The Rolling Stones: The Biography
You could argue that the Beatles had two distinct acts. In act one, the band played rock ‘n’ roll to screaming fans on ceaseless tours, with John Lennon as bandleader. In act two, the touring stopped, the songs got deeper, and Paul McCartney gradually supplanted Lennon. At the end of the 1960s, the play was over.
The Rolling Stones, by my count, had at least six acts.

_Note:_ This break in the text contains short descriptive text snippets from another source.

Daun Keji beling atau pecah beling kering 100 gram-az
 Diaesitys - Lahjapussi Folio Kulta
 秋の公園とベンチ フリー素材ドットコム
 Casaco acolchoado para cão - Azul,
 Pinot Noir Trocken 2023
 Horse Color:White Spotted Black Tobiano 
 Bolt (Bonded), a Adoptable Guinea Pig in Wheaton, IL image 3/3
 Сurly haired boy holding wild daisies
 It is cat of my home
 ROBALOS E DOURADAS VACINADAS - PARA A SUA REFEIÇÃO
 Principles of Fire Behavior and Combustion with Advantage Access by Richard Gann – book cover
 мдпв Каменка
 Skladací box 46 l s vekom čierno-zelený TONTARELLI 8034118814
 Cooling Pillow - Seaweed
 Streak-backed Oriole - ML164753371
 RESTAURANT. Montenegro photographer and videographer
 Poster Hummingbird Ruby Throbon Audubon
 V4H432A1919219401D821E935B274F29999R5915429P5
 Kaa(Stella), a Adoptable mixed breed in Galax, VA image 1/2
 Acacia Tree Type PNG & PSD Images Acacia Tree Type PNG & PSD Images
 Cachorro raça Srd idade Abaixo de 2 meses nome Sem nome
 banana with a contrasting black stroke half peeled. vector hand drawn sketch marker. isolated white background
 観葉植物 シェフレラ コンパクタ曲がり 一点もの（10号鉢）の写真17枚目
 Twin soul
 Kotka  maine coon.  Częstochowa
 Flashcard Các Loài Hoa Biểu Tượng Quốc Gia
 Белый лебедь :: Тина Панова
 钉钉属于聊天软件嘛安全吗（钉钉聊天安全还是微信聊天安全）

In act one, Britain’s best electric blues band found its footing, led by the blonde-haired musical polymath Brian Jones. In act two, the Stones learned to write pop songs, and their authors took center stage: singer Michael “Mick” Jagger and Chuck Berry-obsessed second guitarist Keith Richards. Act three: An identity crisis led the Stones from pop to psychedelia and then back to American roots music, leaving Jones behind. Act four: The Stones hired a proper lead guitarist, Mick Taylor, and proceeded through a string of albums that latter-day fans would consider their best. Act five: Richards sank into heroin addiction, setting off an artistic decline. The proper lead guitarist quit, replaced by a lesser guitarist, Ron Wood, who was a better fit. And act six: After a stirring late-1970s comeback, the Stones settled into a contented dotage, releasing unremarkable albums and staging massively remunerative tours.
Bob Spitz’s The Rolling Stones: The Biography is the first book I’ve read that covers the whole play.